### Dataset extract
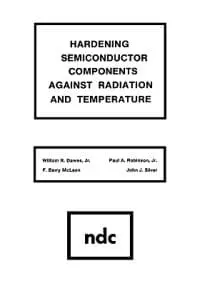 Hardening Semiconductor Components Against Radiation and Temperature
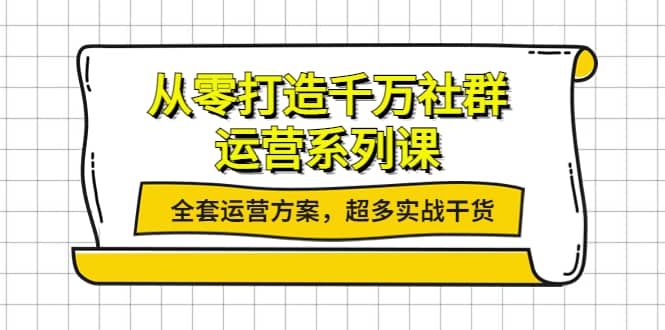 从零打造千万社群-运营系列课：全套运营方案，超多实战干货-选优云网创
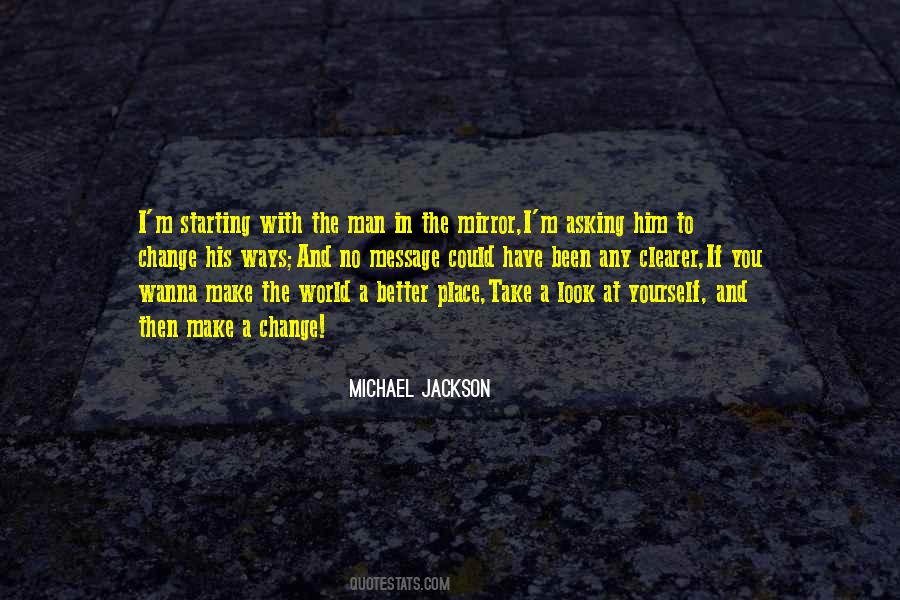 Michael Jackson Man In The Mirror Quotes #1111853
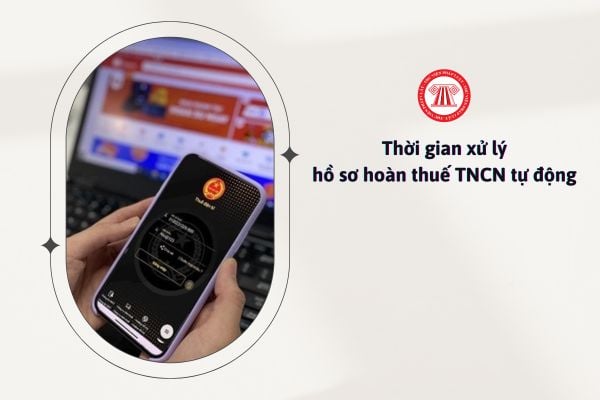 Thời gian xử lý hồ sơ hoàn thuế TNCN tự động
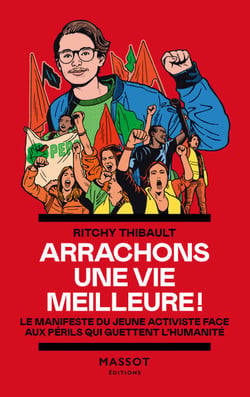 Arrachons une vie meilleure ! - Le manifeste du jeune activiste face aux périls qui guettent l'human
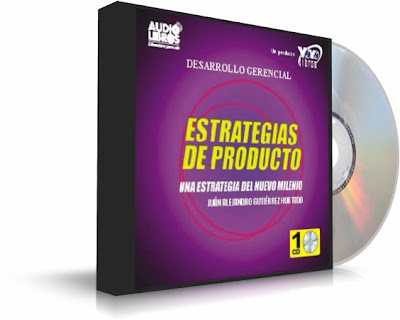 ESTRATEGIAS DE PRODUCTO, Juan A. Gutierrez Hurtado [ AudioLibro ] – Una estrategia de marketing del nuevo milenio para el desarrollo gerencial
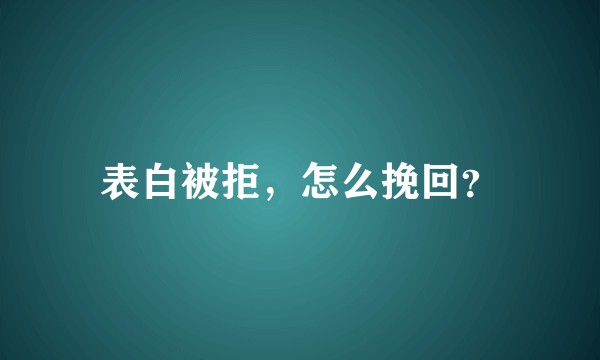 表白被拒,怎么挽回?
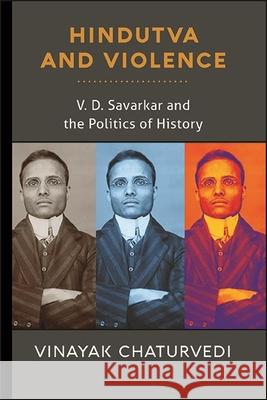 Hindutva and Violence: V. D. Savarkar and the Politics of History Vinayak Chaturvedi   9781438488769 State University of New York Press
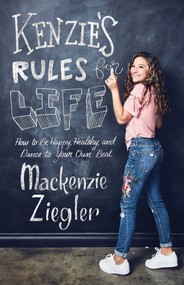 Kenzie's Rules for Life (How to Be Happy, Healthy, and Dance to Your Own Beat) - 9781501183584 by Mackenzie Ziegler, Maddie Ziegler, 9781501183584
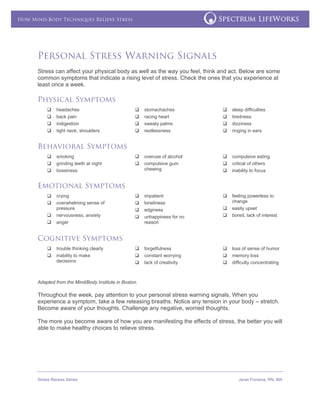 
Stress Recess Series Janet Fontana, RN, MA
 
How Mind-Body Techniques Relieve Stress
Personal Stress Warning Signals
Stress can affect your physical body as well as the way you feel, think and act. Below are some
common symptoms that indicate a rising level of stress. Check the ones that you experience at
least once a week.
Physical Symptoms
headaches
back pain
indigestion
tight neck, shoulders
stomachaches
racing heart
sweaty palms
restlessness
sleep difficulties
tiredness
dizziness
ringing in ears
Behavioral Symptoms
smoking
grinding teeth at night
bossiness
overuse of alcohol
compulsive gum
chewing
compulsive eating
critical of others
inability to focus
Emotional Symptoms
crying
overwhelming sense of
pressure
nervousness, anxiety
anger
impatient
loneliness
edginess
unhappiness for no
reason
feeling powerless to
change
easily upset
bored, lack of interest
Cognitive Symptoms
trouble thinking clearly
inability to make
decisions
forgetfulness
constant worrying
lack of creativity
loss of sense of humor
memory loss
difficulty concentrating
Adapted from the Mind/Body Institute in Boston.
Throughout the week, pay attention to your personal stress warning signals. When you
experience a symptom, take a few releasing breaths. Notice any tension in your body – stretch.
Become aware of your thoughts. Challenge any negative, worried thoughts.
The more you become aware of how you are manifesting the effects of stress, the better you will
able to make healthy choices to relieve stress.
 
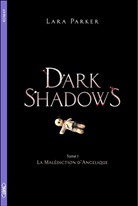 LARA PARKER, Parker Lara - Dark shadows. Vol. 1. La malédiction d'Angélique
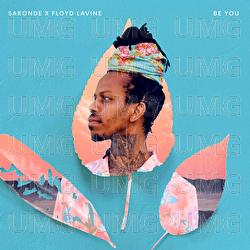 Be You - Saronde, Floyd Lavine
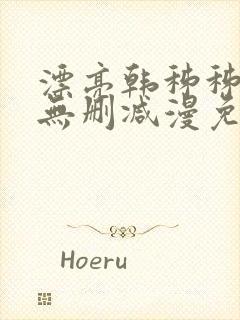 漂亮韩秭秭漫画无删减漫免费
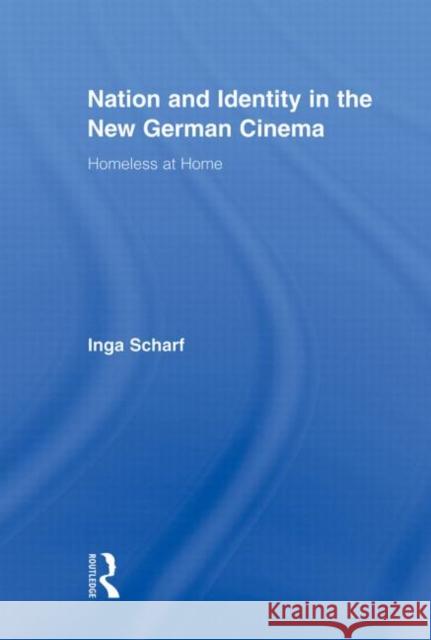 Nation and Identity in the New German Cinema: Homeless at Home Scharf, Inga 9780415878449  - książka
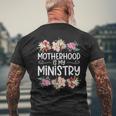 Motherhood Is My Ministry Men's T-shirt Back Print Gifts for Old Men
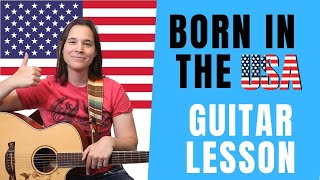 Born In The USA Acoustic Guitar Lesson  TWO CHORD SONG [upl. by Erl374]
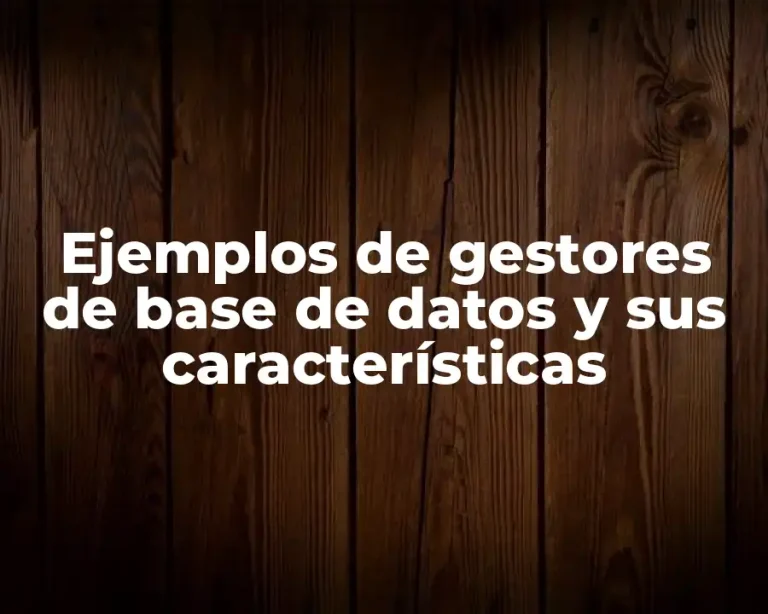 Ejemplos de gestores de base de datos y sus características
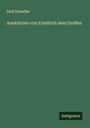 Emil Schaeffer: Anekdoten von Friedrich dem Großen, Buch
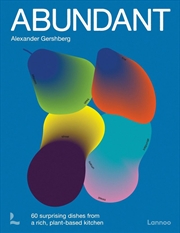 Buy Abundant: 65 Surprising Dishes From a Rich, Plant-Based Kitchen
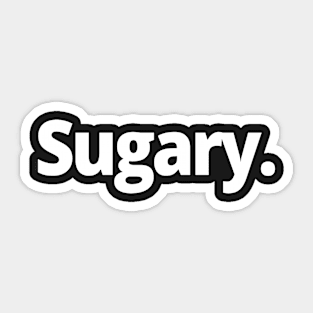 Sugary. Sticker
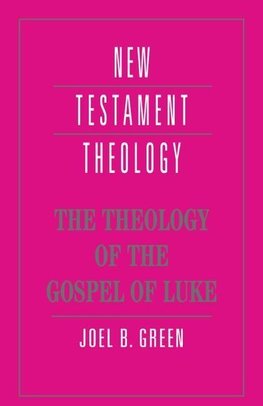 The Theology of the Gospel of Luke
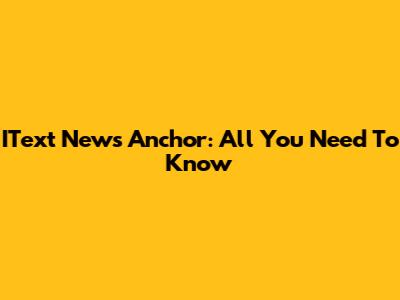 IText News Anchor: All You Need To Know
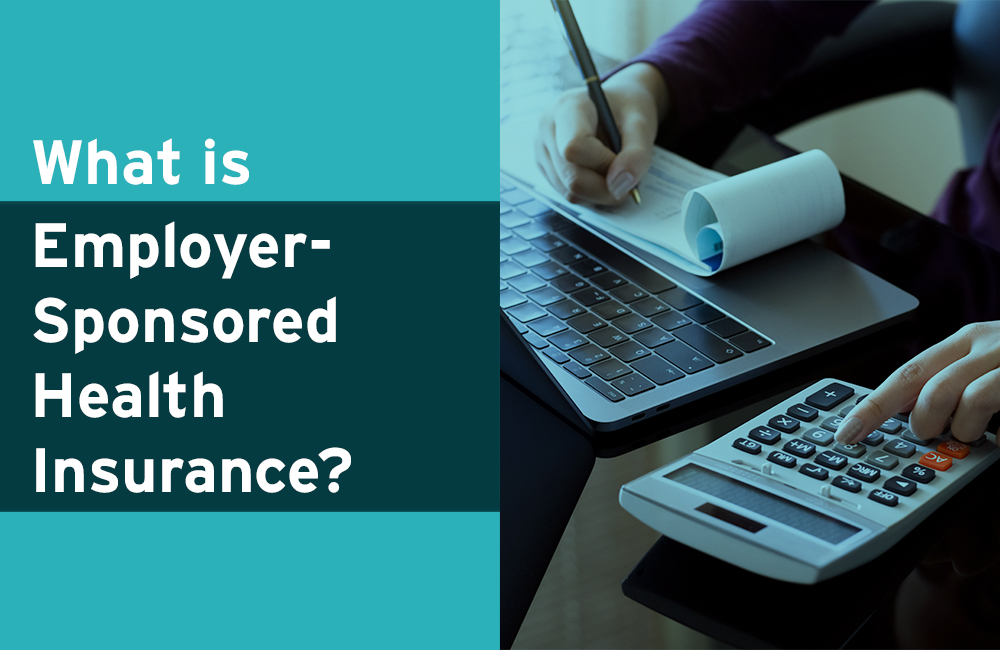 What is Employer-Sponsored Health Insurance?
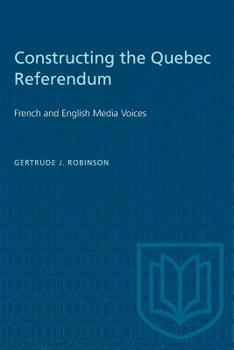 Paperback Constructing the Quebec Referendum Book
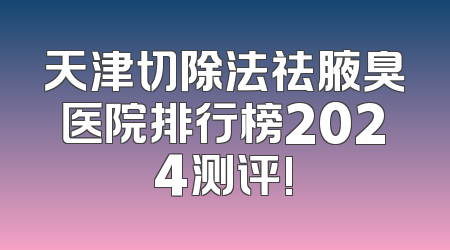 天津切除法祛腋臭医院排行榜2024测评!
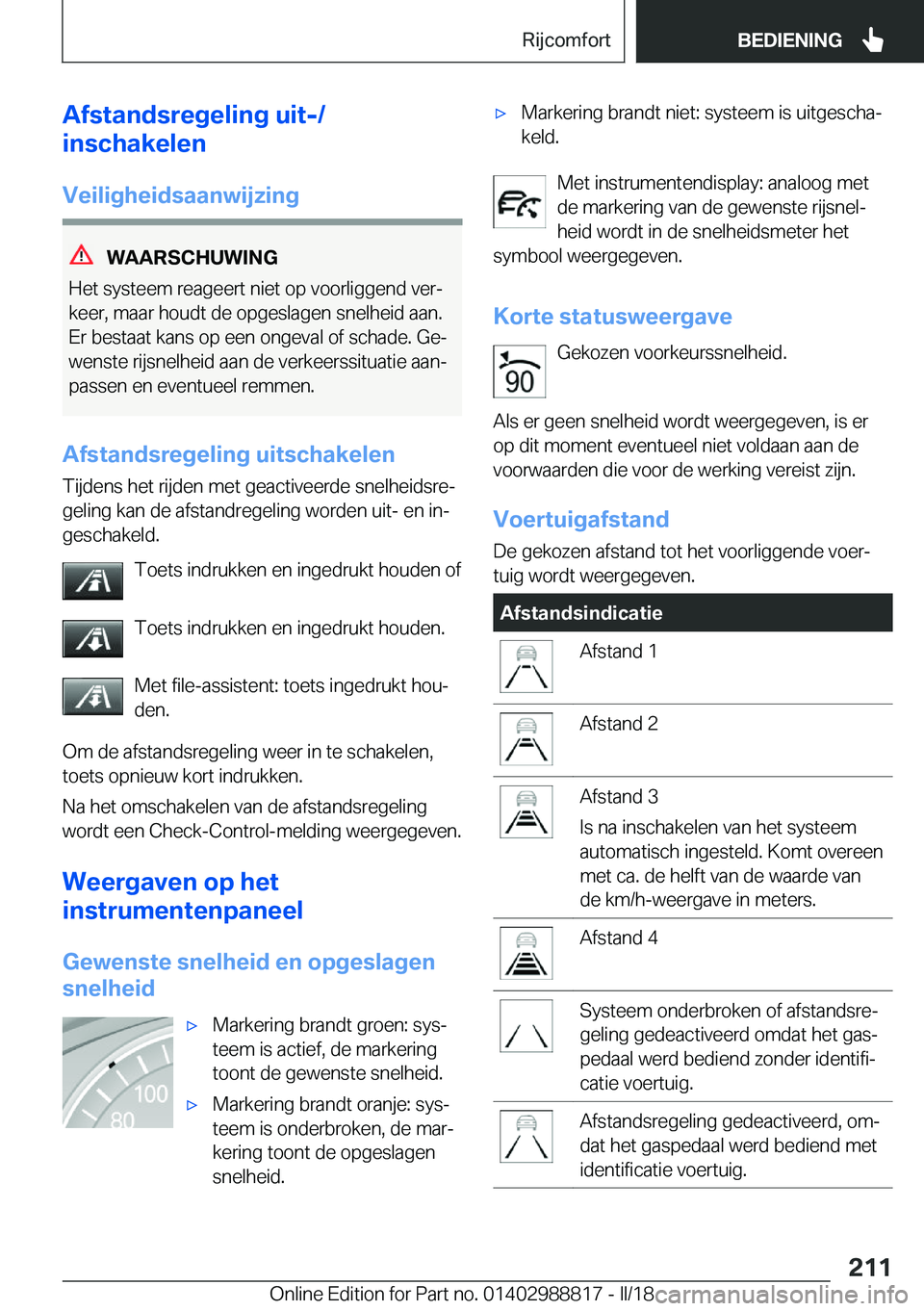 BMW X5 2018  Instructieboekjes (in Dutch) �A�f�s�t�a�n�d�s�r�e�g�e�l�i�n�g��u�i�t�-�/
�i�n�s�c�h�a�k�e�l�e�n
�V�e�i�l�i�g�h�e�i�d�s�a�a�n�w�i�j�z�i�n�g
�W�A�A�R�S�C�H�U�W�I�N�G
�H�e�t� �s�y�s�t�e�e�m� �r�e�a�g�e�e�r�t� �n�i�e�t� �o�p� �v�o�o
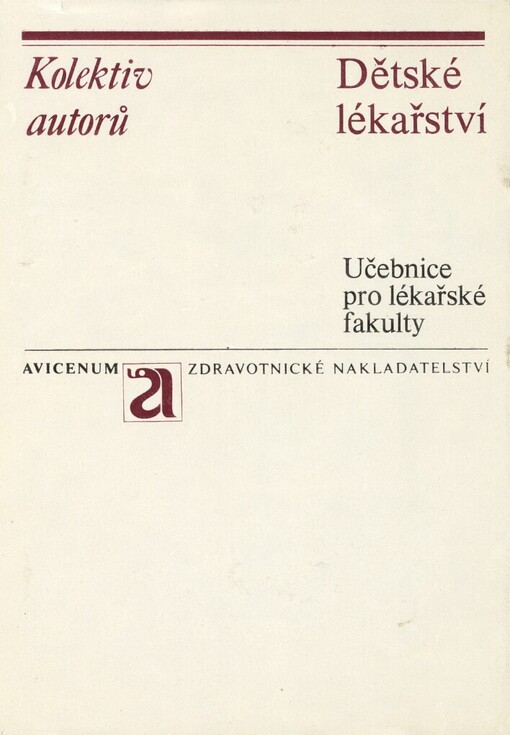 Dětské lékařství: učebnice pro lékařské fakulty ; kolektiv autorů: Jan Fischer, ... ; redaktoři: J.Houštěk, K.Kubát, A.Rubín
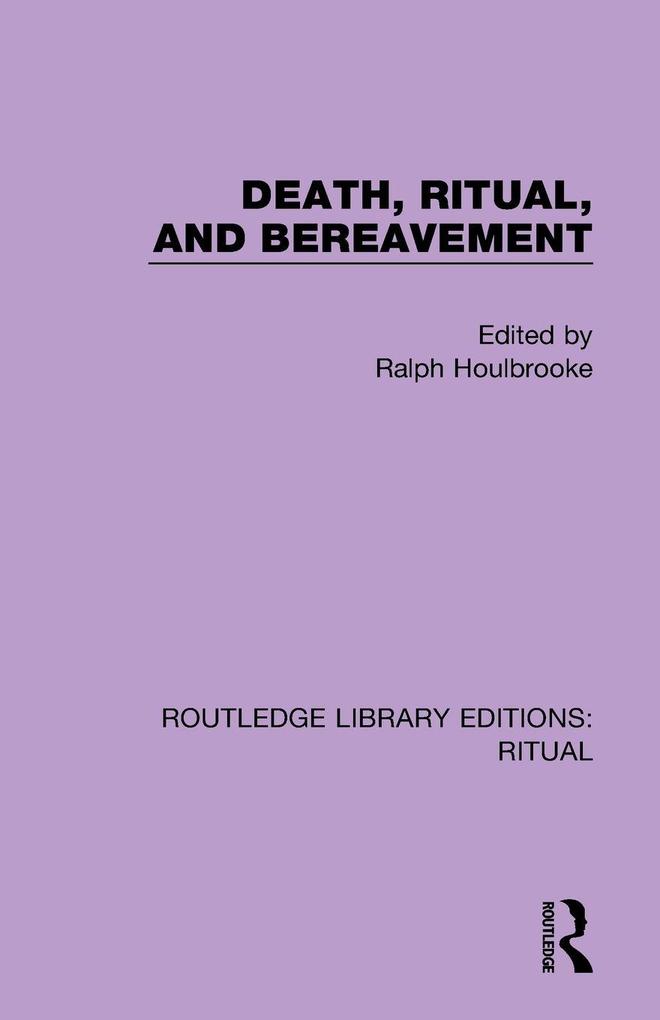 Death Ritual and Bereavement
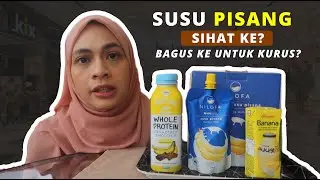SUSU PISANG : Sihat ke ? Bagus Ke Kalau Nak Kurus ? | Yana Saiful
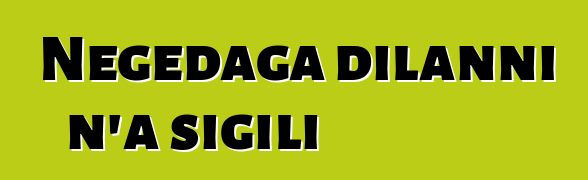 Nɛgɛdaga dilanni n’a sigili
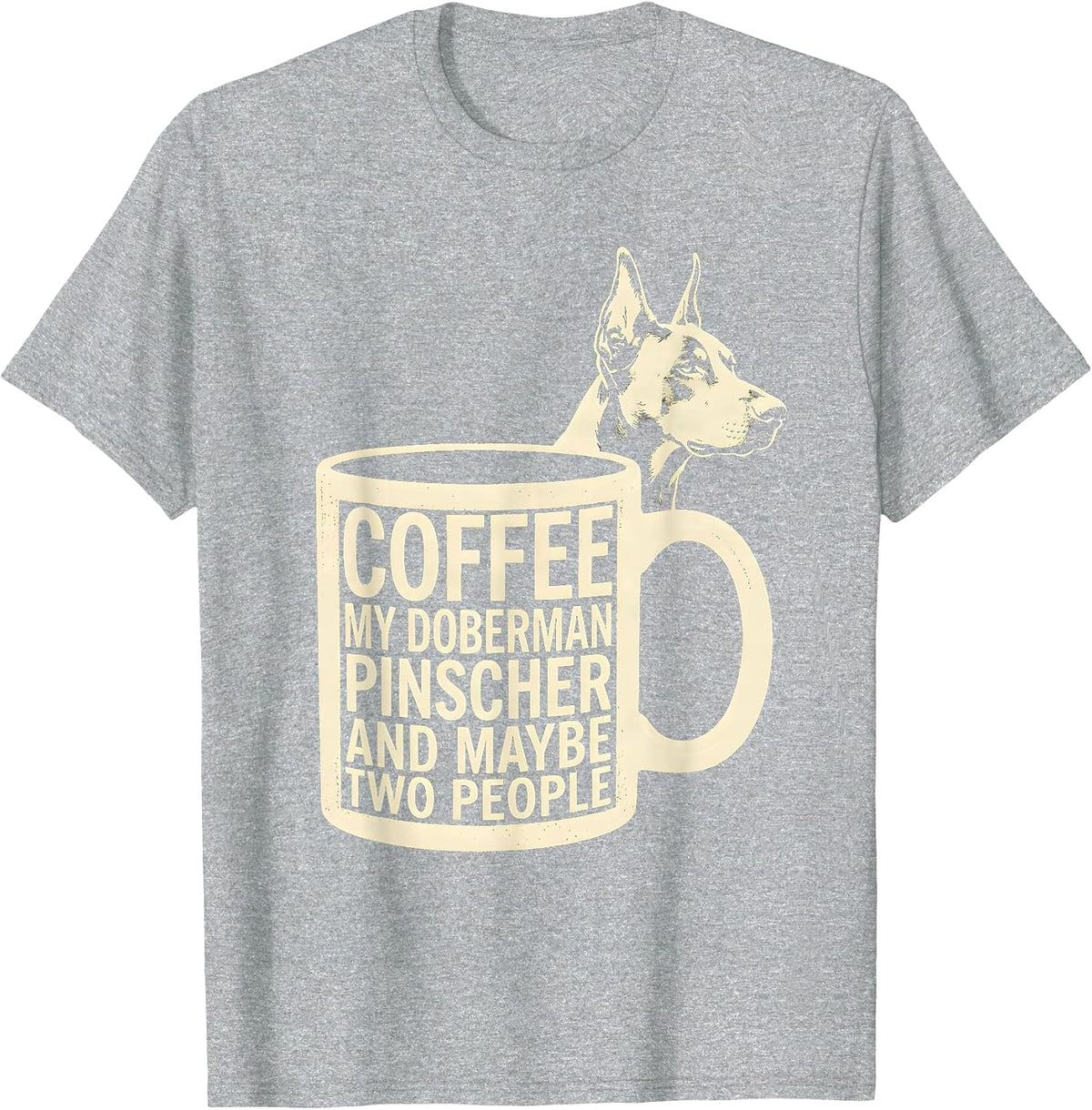 Men's Coffee, My Doberman Pinscher, And Maybe Two People Funny T-Shirt - Heather Grey
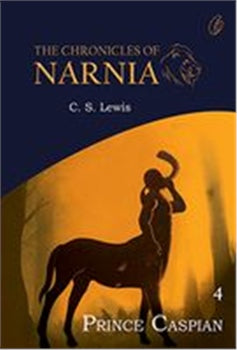 Prince Caspian: The Chronicles Of Narnia (Book 4) citybooks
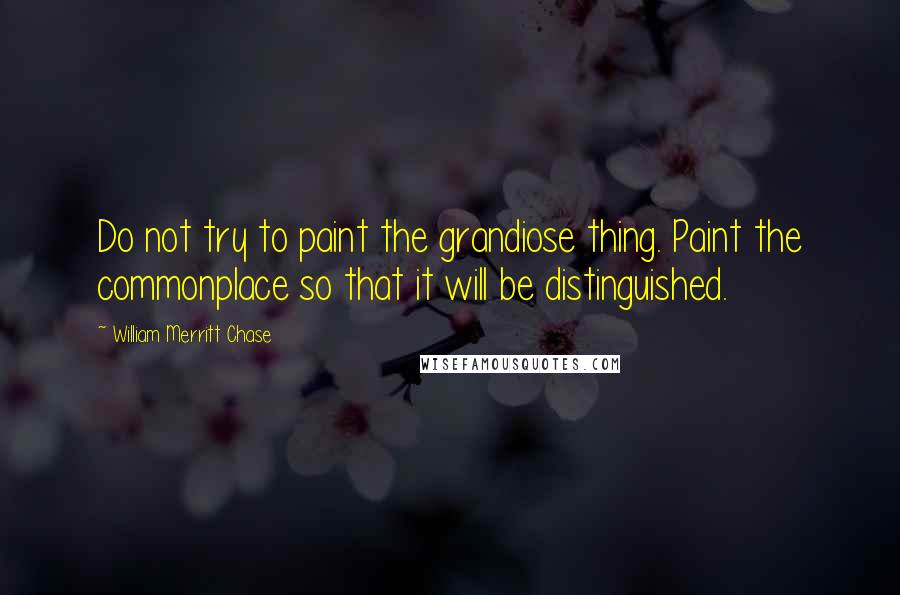 William Merritt Chase Quotes: Do not try to paint the grandiose thing. Paint the commonplace so that it will be distinguished.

### Requirement
Write out exactly the lines above between the line with "bored, lack of interest" and the line with "The more you", inclusive, and nothing beyond them.

### Expected answer
bored, lack of interest
Cognitive Symptoms
trouble thinking clearly
inability to make
decisions
forgetfulness
constant worrying
lack of creativity
loss of sense of humor
memory loss
difficulty concentrating
Adapted from the Mind/Body Institute in Boston.
Throughout the week, pay attention to your personal stress warning signals. When you
experience a symptom, take a few releasing breaths. Notice any tension in your body – stretch.
Become aware of your thoughts. Challenge any negative, worried thoughts.
The more you become aware of how you are manifesting the effects of stress, the better you will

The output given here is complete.